== GIVEN DATA ==

+---+

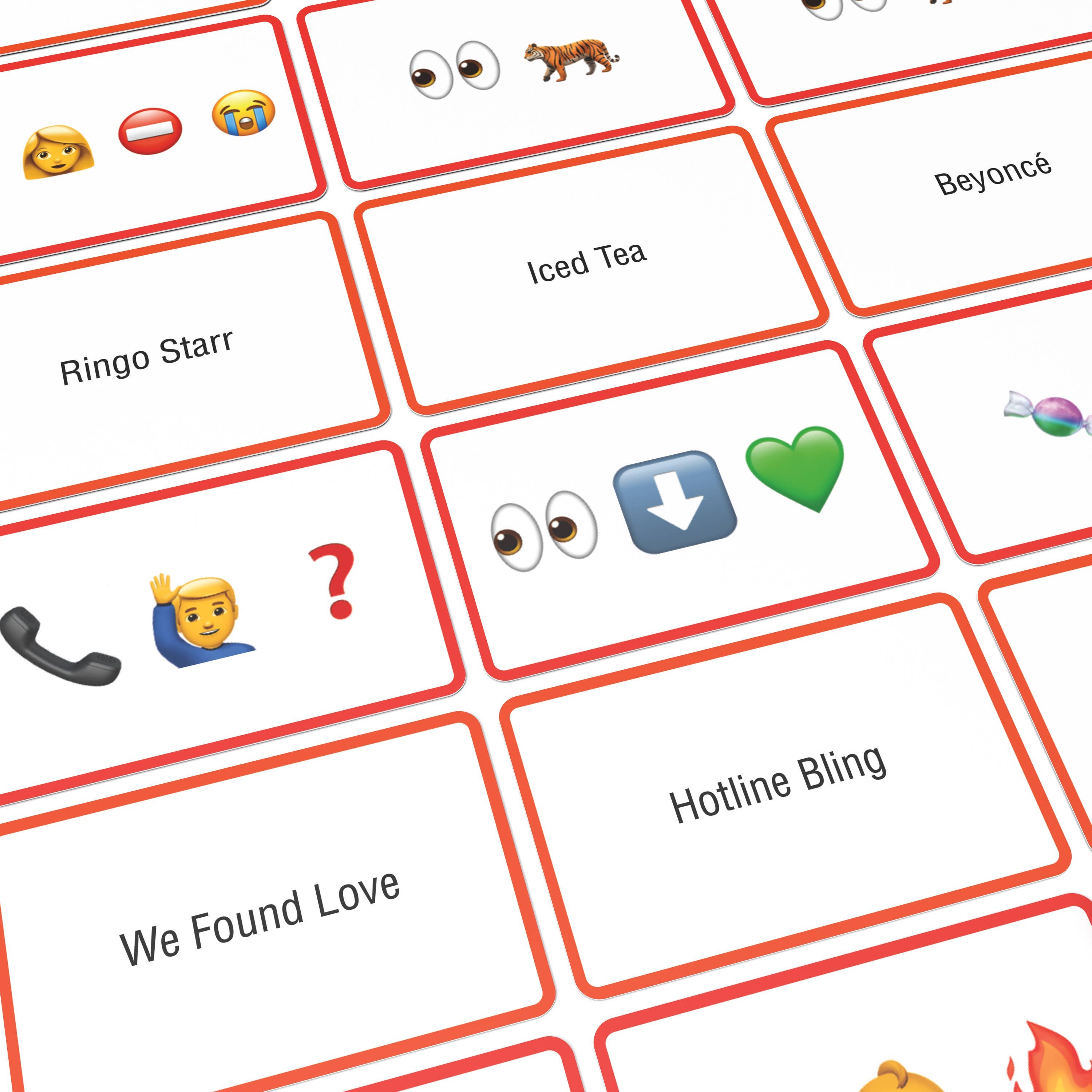 Bubblegum Stuff UK - Venta al por mayor Juegos de cartas - Nombra el Juego de Cartas de Emoticonos de Música | Trivia de Tarjetas1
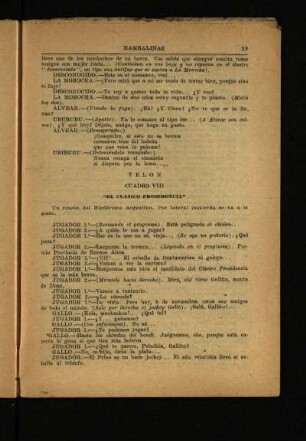 Cuadro VIII - "El clásico presidencia"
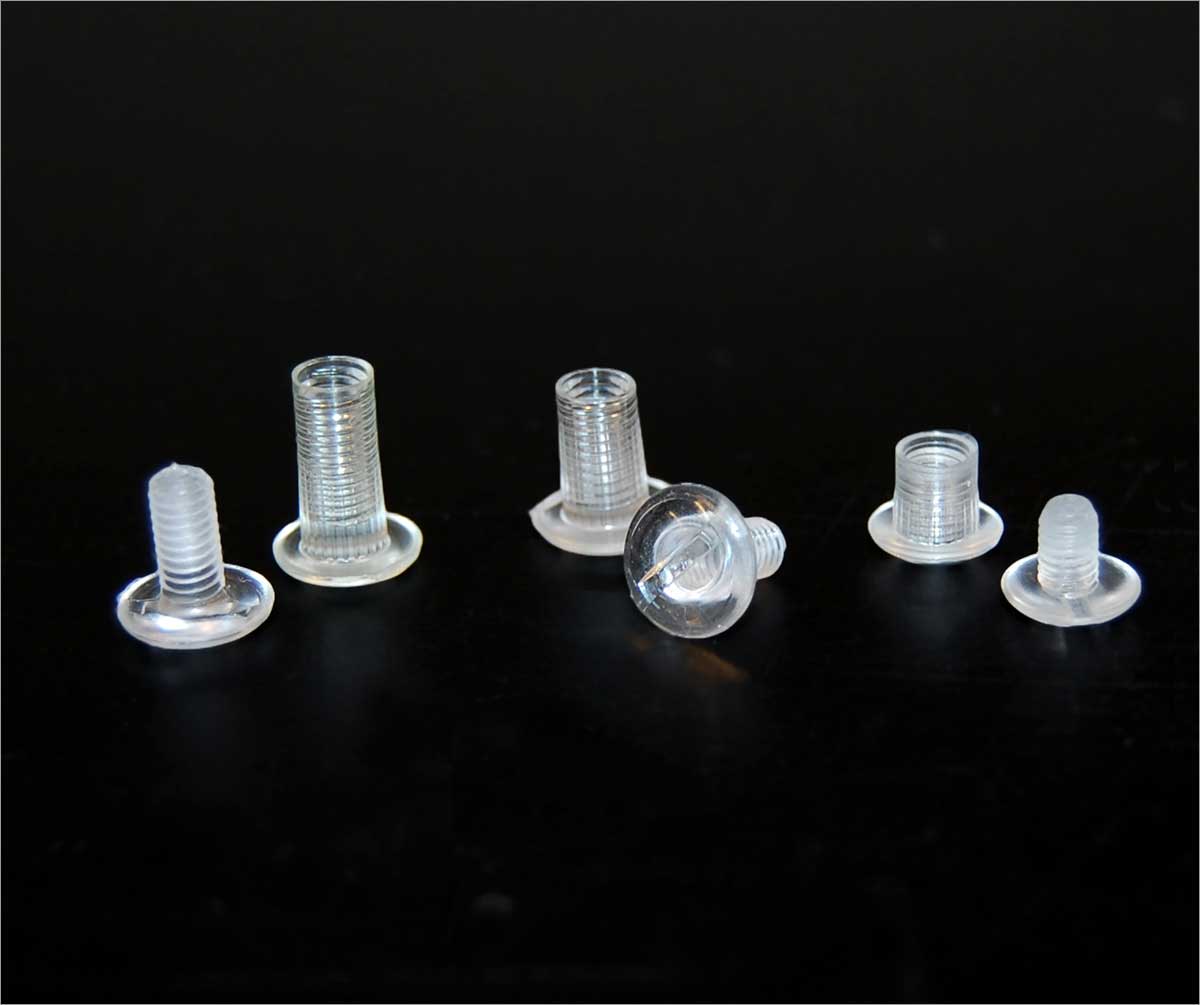 Clear Polycarbonate Threaded Post & Screw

+---+

== PROBLEM ==
Output the listing above exactly as it stands; no picture should appear.

== TASK OUTPUT ==
 Bubblegum Stuff UK - Venta al por mayor Juegos de cartas - Nombra el Juego de Cartas de Emoticonos de Música | Trivia de Tarjetas1
 Cuadro VIII - "El clásico presidencia"
 Clear Polycarbonate Threaded Post & Screw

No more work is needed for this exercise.